In The Crimson White story “The Final Barrier,” reporters Abbey Crain and Matt Ford described how qualified African-American candidates were denied admission to historically white sororities because of an “almost impenetrable color barrier.” The journalists documented only one instance in the university’s history in which an African-American woman was accepted into a predominantly-white sorority.
According to a list of guidelines university officials distributed to The Crimson White and other news agencies last week, no representatives from UA Greek Affairs, the Panhellenic Executive Council or any of the sororities will be available for interviews during the weeklong Sorority Recruitment Week, which ends Saturday. All media questions should be directed to UA University Relations, according to the guidelines, which The Crimson White gave to the Student Press Law Center.

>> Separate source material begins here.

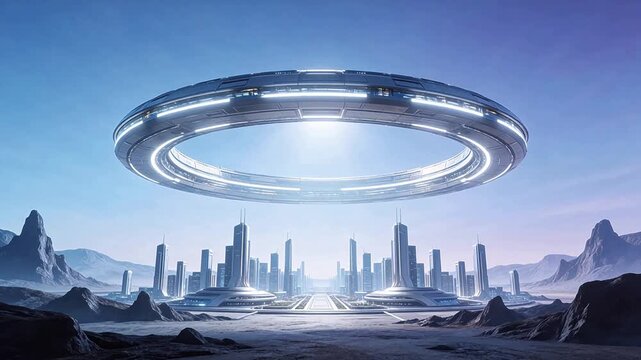 Futuristic city with hovering ring structure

“Media should not encroach on the front yards of sorority houses, enter any porches or knock on any doors as sorority houses are private property,” according to the guidelines. “Media should not disrupt students as they move along the sidewalks.”
The guidelines said the same rules will apply on bid day on Saturday, where recruits receive their bids at Bryant-Denny Stadium; media will not be allowed in the stadium.
“Recruitment week is extremely busy for everyone in Greek affairs, for all the girls in Panhellenic,” university spokeswoman Cathy Andreen told The Crimson White. “We will certainly have some information available after it’s over, but there’s really not anyone available for interviews right now.”
Andreen said in an email the university is not attempting to restrict communications between news media and students.
“As always, reporters are free to solicit interviews and information from anyone they want to contact,” she said. “And, University Relations will continue to respond to media questions, as we have throughout the week.”
But Deanne Winslett, the newspaper’s editor in chief, argued otherwise. When the staff received the letter last week, Winslett said she shared the letter with the editor reporting on recruitment and the newspaper adviser. They wrote an article on the guidelines, she said, because “we wanted to be transparent with our audience about the situation.”
“The language used in the guidelines, such as the phrase ‘any sorority,’ implies that the university is enforcing that girls going through recruitment should not speak to media,” Winslett said. “Blocking the girls rushing from speaking freely to the media about their recruitment and Bid Day experiences would indicate a concerning lack of transparency.”
Along with being a “profoundly misguided public-relations strategy,” several of the guidelines may be illegal, Frank LoMonte, the Student Press Law Center’s executive director, said in a letter he sent Tuesday to Karen Baldwin, UA’s vice president for university advancement.
LoMonte said that while it is legitimate for the university to remind journalists not to trespass on private property, “we are particularly concerned about the directives the Media Guidelines purporting to members of the media and individual students who may wish to speak with them.”
Such a “gag order,” he continued, interferes with the First Amendment.
“We are concerned, as well, about purported restrictions on how journalists may approach sources to request interviews,” LoMonte said. “Unless there is a blanket policy that no visitor may knock on the door of a Greek house, it violates the First Amendment for a government agency to selectively exclude only journalists.”